Note the st_geometry SQL function is taking the extent (four pointed bounding box) and making a geometry column. We can then use st_intersects to find where our Landsat8 imagery overlaps our area of interest.

Below you can see a field I drew a box around on www.geojson.io, I saved this json file into my HDFS on my Spark cluster as input.json.

Now that I have my field boundary loaded into HDFS I can use that geometry from the field json file to st_intersects into my Landsat8 table and find the imagery that covers that field. I’m going to pull imagery from all of August so I can see the acquisition dates from right before and after the Derecho hit.

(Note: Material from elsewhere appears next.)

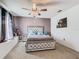 Elegant bedroom with upholstered bed and window seat at 513 Big Black Way, Kissimmee, FL 34759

df_field = spark.read.geojson('hdfs://master:9000/geo/input.json')
sqlc.registerDataFrameAsTable(df_field, "field")
field_imagery = sqlc.sql("""SELECT product_id, entity_id, acquisition_date, B4, B5, st_geometry(bounds_wgs84) as geom, (SELECT geometry FROM field) as field_geom
                            FROM landsat_catalog
                            WHERE acquisition_date > to_date('2020-08-01') AND acquisition_date < to_date('2020-08-31')
                            AND st_intersects(st_geometry(bounds_wgs84), (SELECT geometry FROM field))
                            ORDER BY acquisition_date ASC
                          """)
field_imagery.show()
// output
+--------------------+--------------------+--------------------+--------------------+--------------------+--------------------+--------------------+
|          product_id|           entity_id|    acquisition_date|                  B4|                  B5|                geom|          field_geom|
+--------------------+--------------------+--------------------+--------------------+--------------------+--------------------+--------------------+
|LC08_L1TP_027031_...|LC80270312020215L...|2020-08-02 16:59:...|https://s3-us-wes...|https://s3-us-wes...|POLYGON ((-95.944...|POLYGON ((-93.566...|
|LC08_L1TP_026031_...|LC80260312020224L...|2020-08-11 16:53:...|https://s3-us-wes...|https://s3-us-wes...|POLYGON ((-94.349...|POLYGON ((-93.566...|
|LC08_L1TP_027031_...|LC80270312020231L...|2020-08-18 16:59:...|https://s3-us-wes...|https://s3-us-wes...|POLYGON ((-95.941...|POLYGON ((-93.566...|
|LC08_L1TP_026031_...|LC80260312020240L...|2020-08-27 16:53:...|https://s3-us-wes...|https://s3-us-wes...|POLYGON ((-94.363...|POLYGON ((-93.566...|
+--------------------+--------------------+--------------------+--------------------+--------------------+--------------------+--------------------+

Until Next Time….

Next time we will use our new found Landsat files that cover this field to calculate the NDVI using the build in function rf_normalized_difference, and we will see what other trouble we can get into. It’s truly amazing to have the power of Apache Spark working on geospatial data… using SQL. It turns out rasterframes is easy to install and setup, the documentation is great. Being able to work with DataFrames and SQL on-top of geospatial levels the playing field to an otherwise difficult and hard to approach area.